= Sinking city myth =

Flood myth in Chinese folklore

The sinking city myth is one of the great flood themes in Chinese folklore. It is a flood myth with three specific characteristics: one or two survivors, a statue that weeps blood, and the sinking of an entire city along with its citizens. The survivor(s) are saved by the gods because of their benevolent acts; the survivors may include an old lady or a devoted son. The statue that weeps blood is often a stone lion statue, or sometimes a tortoise statue.

There are several different versions of the sinking city myth.

This theme is often confused with another flood theme in which the sunken area is greatly increased, from a city to the whole world.

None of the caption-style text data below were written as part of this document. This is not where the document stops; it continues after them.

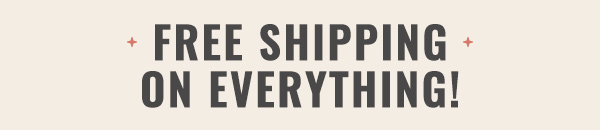 Free Shipping On Everything!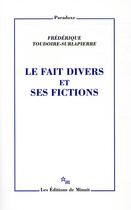 Couverture du livre « Le Fait divers et ses fictions » de Frederique Toudoire-Surlapierre aux éditions Minuit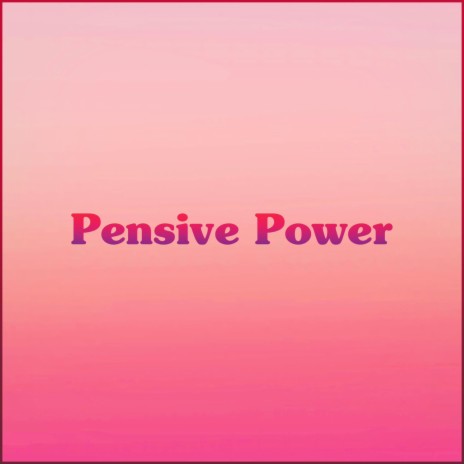 Pensive Power (Mastered)
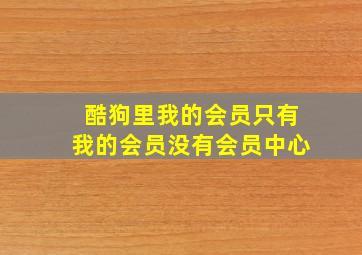 酷狗里我的会员只有我的会员没有会员中心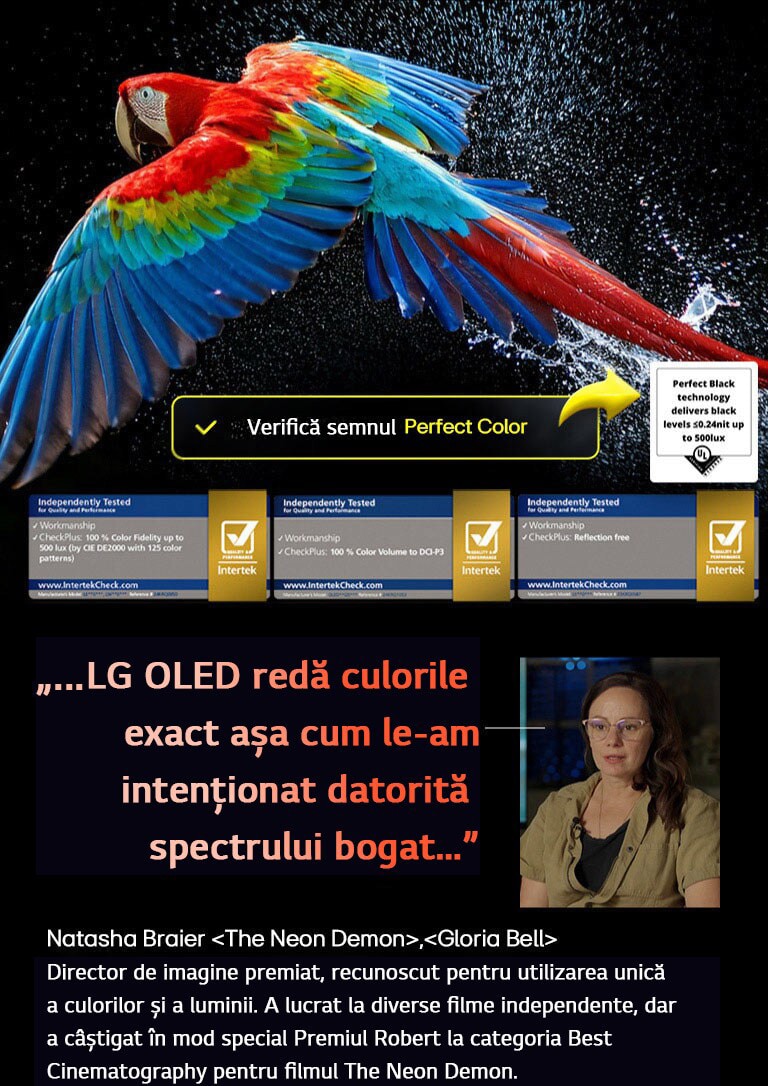 Papagal colorat, de înaltă definiție, pe fundal negru. Picături de apă sunt suspendate în aer peste tot. Imaginea arată Perfect Color pe măsură ce fiecare nuanță diferită de pe corpul papagalului este vibrantă și intensă. Fundalul întunecat cu stropii de apă detaliați evidențiază, de asemenea, modul în care ecranul este lipsit de reflexii. Diferite sigle de certificări UL și Intertek sunt vizibile. Acestea se referă la fidelitatea culorilor 100%, volumul de culoare 100% și la afirmația că nu are reflexii. Textul este, de asemenea, vizibil, „Verificați marcajul de certificare Perfect Color”.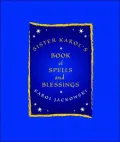 Sister Karol's Book of Spells and Blessings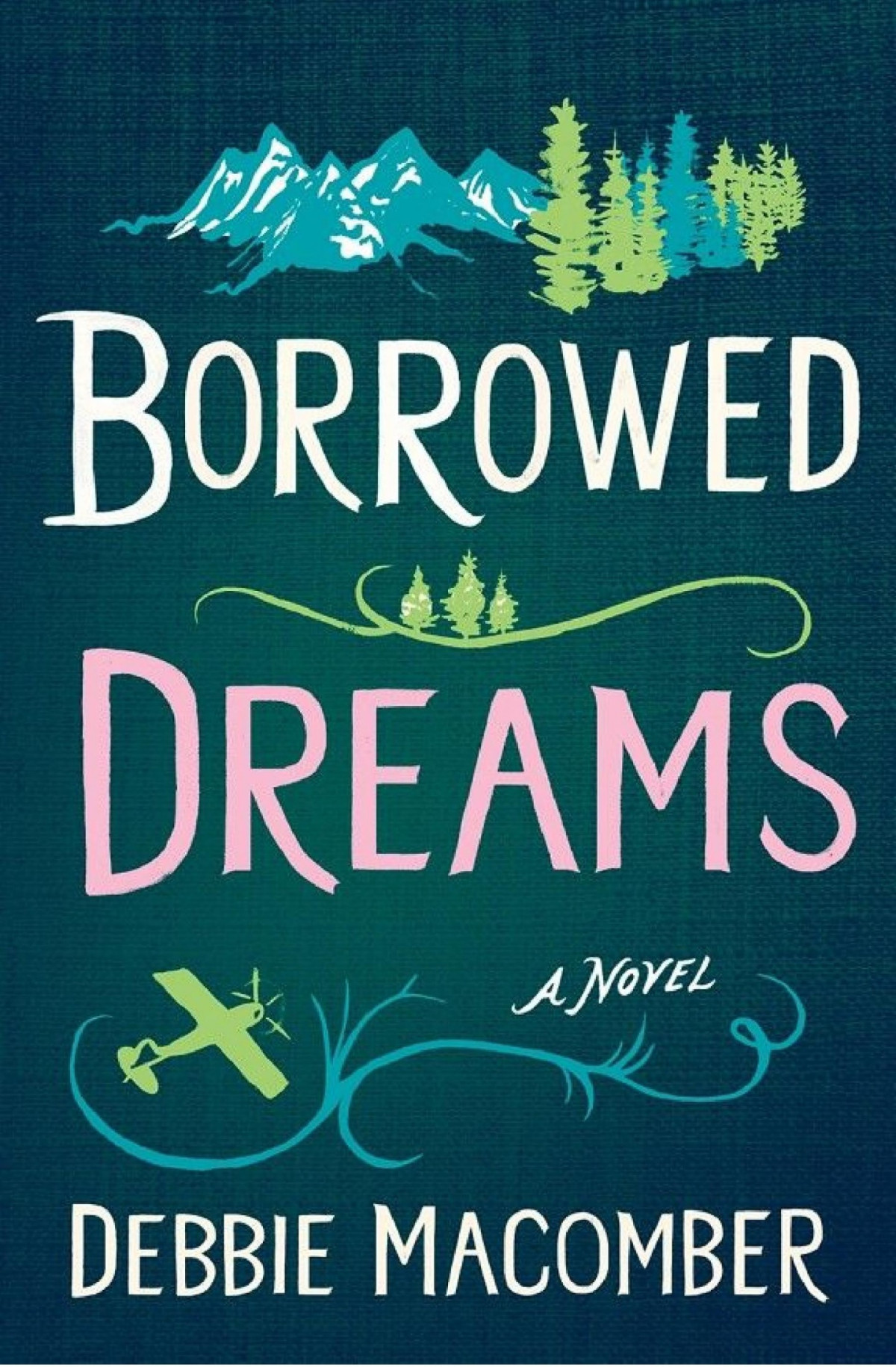 Borrowed Dreams Debbie Macomber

==Records of Searching for Spirits==

Records of Searching for Spirits (搜神記 (Sōushénjì)) is a collection of stories from the 4th century CE which was compiled by Gan Bao from the East Jin Dynasty. This literature contains two versions of the legend of the sunken city, in Chapters 13 and 20. The story from Chapter 20 tells of a benevolent old woman who is told that her city would be sunk after the eyes of the tortoise statue in her city turned red. Every day she checked its eyes, until one day a naughty child colored the eyes red. The old woman, with the help of a dragon, escaped the city just before the city sank beneath the water and become a lake.

==Buddhist version==
This version of the myth takes place during a dark time, when most people did not believe in Buddha and the gods anymore. Ksitigarbha Bodhisattva turned himself into a beggar to find the last pious person. He found an old lady praying to the gods who gave him half of the rice which was intended for offering. The Bodhisattva told the lady that her hometown would be sunk after the lion statue's eyes in her city turned red. She passed the warning to other citizens but was laughed at. They secretly painted the statue's eyes red as a prank for the old lady, who was shocked and once again warned the citizens. The people of the city laughed at her and, realising that she could not convince them, the old woman climbed a nearby mountain. After she reached the top, she turned her head just to find her whole city had sunk under the water, and she wept bitterly.

==Nanyang (1982)==
In 1982, the people from Nanyang, Henan still recall the legend of a brother and sister who frequently played with an iron lion statue in the front of a temple. One day, a monk told the older sister to give the lion a steamed bun every day and warned her to check its eyes. If the eyes turned red, she and her brother were to climb into the lion's belly. One day the sister found the statue's eyes red. She called her little brother and they both climbed into the lion's belly not long before the sky turned dark and the wind blew hard. After the sky was clear, they climbed out and found that "the sky had fallen" while everyone in the village had died. They brought with them the steamed buns from inside the lion's belly and searched for other survivors until they found an old woman on the top of the mountain. Both brother and sister asked the old woman what they should do next; the old woman advised that each of them should roll a part of a millstone from the top of the mountain. If the two millstone pieces landed on top of each other as they should, the sister and brother should marry and repopulate the world; and the result was so. They had five pairs of male and female children; each pair were married and they repopulated the world with human beings once more.

==Culture==
- Gùshi shíshī yǎn hóng 紅眼石獅故事 ("When the Lion's Eyes Turn Red") was a drama dance by "New Tang Dynasty Performing Arts Center" (choreography by Tia Zhang) to celebrate Chinese New Year in 2006, about a benevolent old lady and Guan Yin.